#### Instructions to follow
Please write out the listing exactly, leaving each picture out.

#### Dataset excerpt

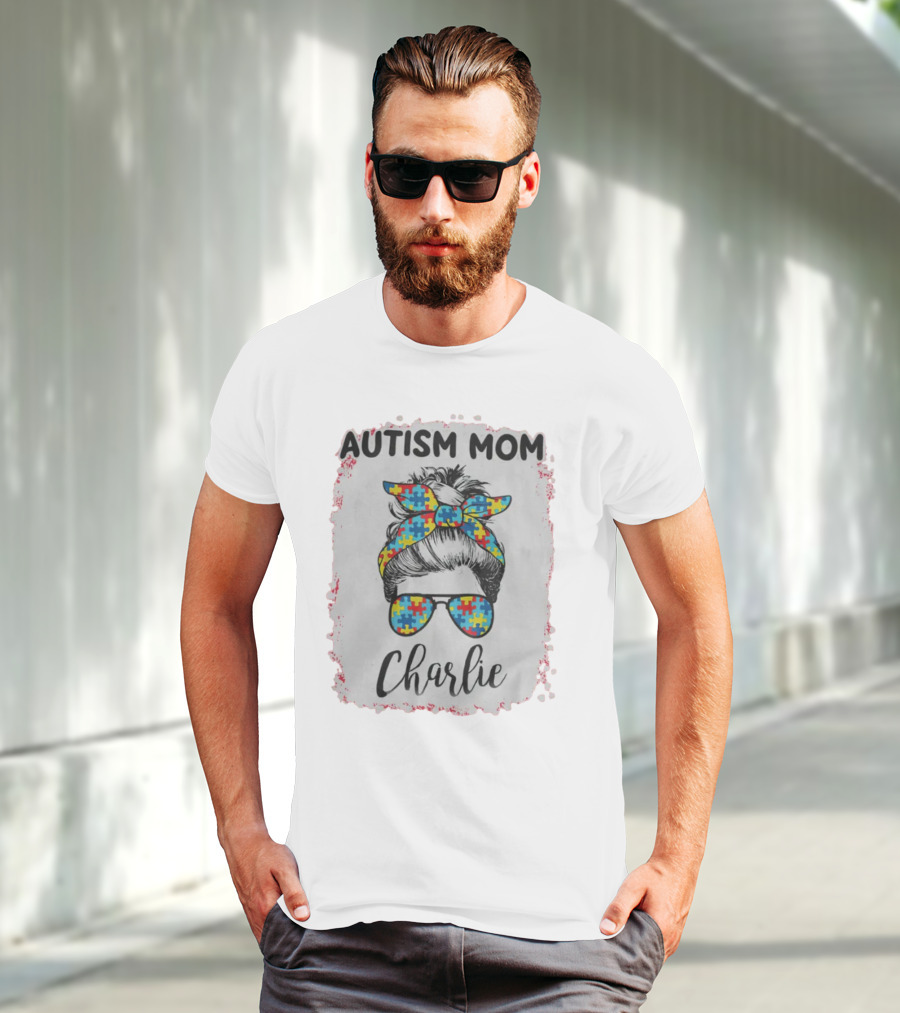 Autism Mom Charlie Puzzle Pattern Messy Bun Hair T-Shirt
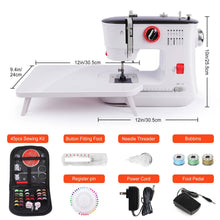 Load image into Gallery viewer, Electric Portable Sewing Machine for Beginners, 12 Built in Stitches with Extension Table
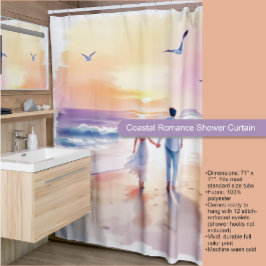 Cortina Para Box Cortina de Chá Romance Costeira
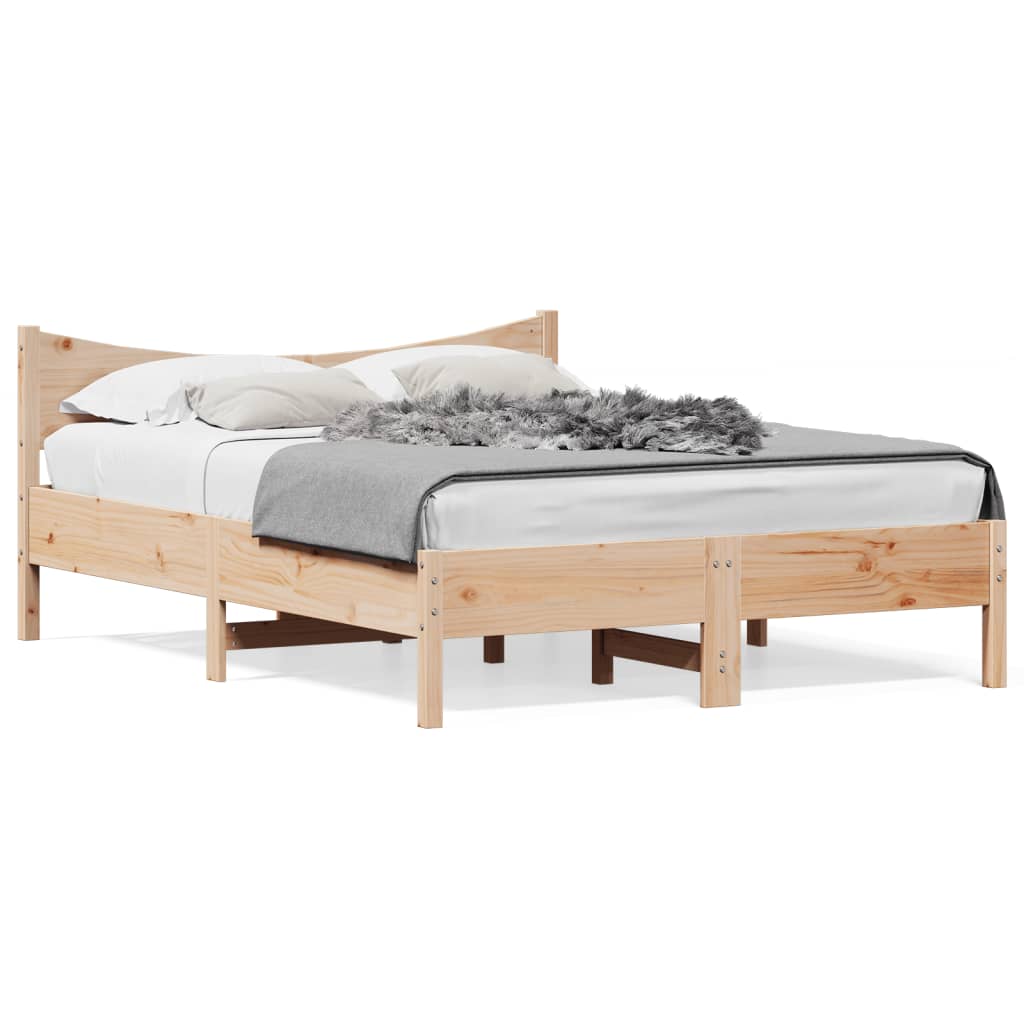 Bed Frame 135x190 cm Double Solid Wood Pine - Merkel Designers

#### Completed task
 Autism Mom Charlie Puzzle Pattern Messy Bun Hair T-Shirt
 Load image into Gallery viewer, Electric Portable Sewing Machine for Beginners, 12 Built in Stitches with Extension Table
 Cortina Para Box Cortina de Chá Romance Costeira
 Bed Frame 135x190 cm Double Solid Wood Pine - Merkel Designers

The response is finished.